Aug 6, 2009
Miuccia Prada/OMA/Rem Koolhaas: Prada Store
“In every relationship there comes a time when you take that next important step. For some couples that step is meeting the parents, for me it's meeting the Prada.”
- Carrie Bradshaw, Sex in the City, Season 6, 2003.
New York’s Prada flagship store, designed by Rem Koolhaas/OMA, was the subject of much media hype when it opened in December 2001, and has accumulated a wealth of architectural criticism since then. In this post, rather than reviewing the extensive literature devoted to the Prada, I will situate the store within my initial framework for understanding the 21st century interior. That is, while Prada is conventionally understood (in architectural criticism) as a sophisticated high-tech architectural container, how might we understand it as an interior? This requires thinking about its ephemeral nature, how it is inhabited, how it is mediated, and its relationship with the formation of identity (how Carrie, for example, comes to invest parental authority in a clothing store). I will begin with a brief introduction to Prada as a brand, then Koolhaas’ OMA, before an analysis of the flagship store and its significance as a 21st century interior. A comparison between the Prada flagship store and the Ralph Lauren flagship store (analyzed in a previous post) will highlight the differences between the contemporary discourses of architecture and interior design.

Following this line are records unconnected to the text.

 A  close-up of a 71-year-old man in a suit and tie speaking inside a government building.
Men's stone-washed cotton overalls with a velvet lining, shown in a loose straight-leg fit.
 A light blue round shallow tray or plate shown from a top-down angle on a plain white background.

Miuccia Prada inherited the Prada family leather goods business in 1978, and, with the help of her husband and business manager Patrizio Bertelli, transformed it into a global fashion brand in under two decades. Usually described as an uncomfortable entrepreneur, Miuccia Prada gained a PhD in political science, was a member of the Italian Communist Party, and trained and performed in mine for several years before embarking on her career in fashion. As creative director at Prada, she designed the classic black nylon handbag in 1985, then expanded into ready-to-wear collections in 1989. Prada’s popularity soared in the 1990s with collections of elegant, understated clothing, characterized by their austerity and innovative materials. Challenging the conspicuous excess associated with 1980s luxury fashion, Prada’s functional “uniform” appealed to the tech-saavy yuppies of the 1990s. Prada’s advertising campaigns, typically featuring simply a Prada-clad model and the logo, followed the same restrained, sophisticated ideal as the clothing.

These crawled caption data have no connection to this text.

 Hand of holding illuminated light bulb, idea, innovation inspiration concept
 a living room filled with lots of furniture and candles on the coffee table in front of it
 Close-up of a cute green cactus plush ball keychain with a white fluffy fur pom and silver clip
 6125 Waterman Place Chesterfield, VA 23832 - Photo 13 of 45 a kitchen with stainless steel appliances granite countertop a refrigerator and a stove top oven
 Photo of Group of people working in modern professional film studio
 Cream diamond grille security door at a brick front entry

Prada grew into a billion dollar conglomerate in the late 1990s with corporate acquisitions of labels such as Fendi, Helmut Lang and Jil Sander (all sold since then). In an effort to reach a broader consumer base, Prada also diversified from high fashion clothing to mass produced accessories. With diversification, Prada, like other luxury brands, faced a major challenge in differentiating a luxury commodity from a mass produced one. During the designer decades of the 1980s and 90s, this differentiation could be achieved, at least partially, by the signature of the designer. Critic Nicky Ryan describes this process as fashion’s “transubstantiation” whereby simply a “signature or label could transform ordinary commodities into luxury goods.” (Ryan, p.12) However contrived, calculated and carefully mediated, the personality of the designer served as a key point of differentiation, arousing empathy in an era obsessed with self-expression through consumption. Prada’s brand was understood to be “intelligent”, “political” and “progressive”, like the media image of Miuccia herself. Thus consumers could differentiate between not only luxury goods and mass consumer ones through the identity of their designer, but also between goods authenticated by a cosmopolitan, Milanese political science graduate (Miucci Prada) rather than by a self-made, all-American cowboy (Ralph Lauren).
As well as the designer signature, a designer space became an essential branding component – a physical environment in which consumers could commune with the brand. Just as Ralph Lauren commissioned designer Naomi Leff to design the brand’s Manhattan flagship store in 1986, Miucci Prada commissioned Rem Koolhaas to design Prada’s Manhattan flagship store in 2001. Their respective choice of designers, of course, was not coincidental: Leff had worked with Lauren on previous store designs and knew how to create an appropriately historical ambiance. Koolhaas, on the other hand, was not only a cosmopolitan celebrity architect, but also a Harvard professor with intellectual credentials. While the design of their respective flagship stores appear to be aesthetically worlds apart, both designers created similar experiential environments specifically designed to complement the existing brands. This comparison is considered in more detail below, following a brief introduction to Koolhaas and his design of the store.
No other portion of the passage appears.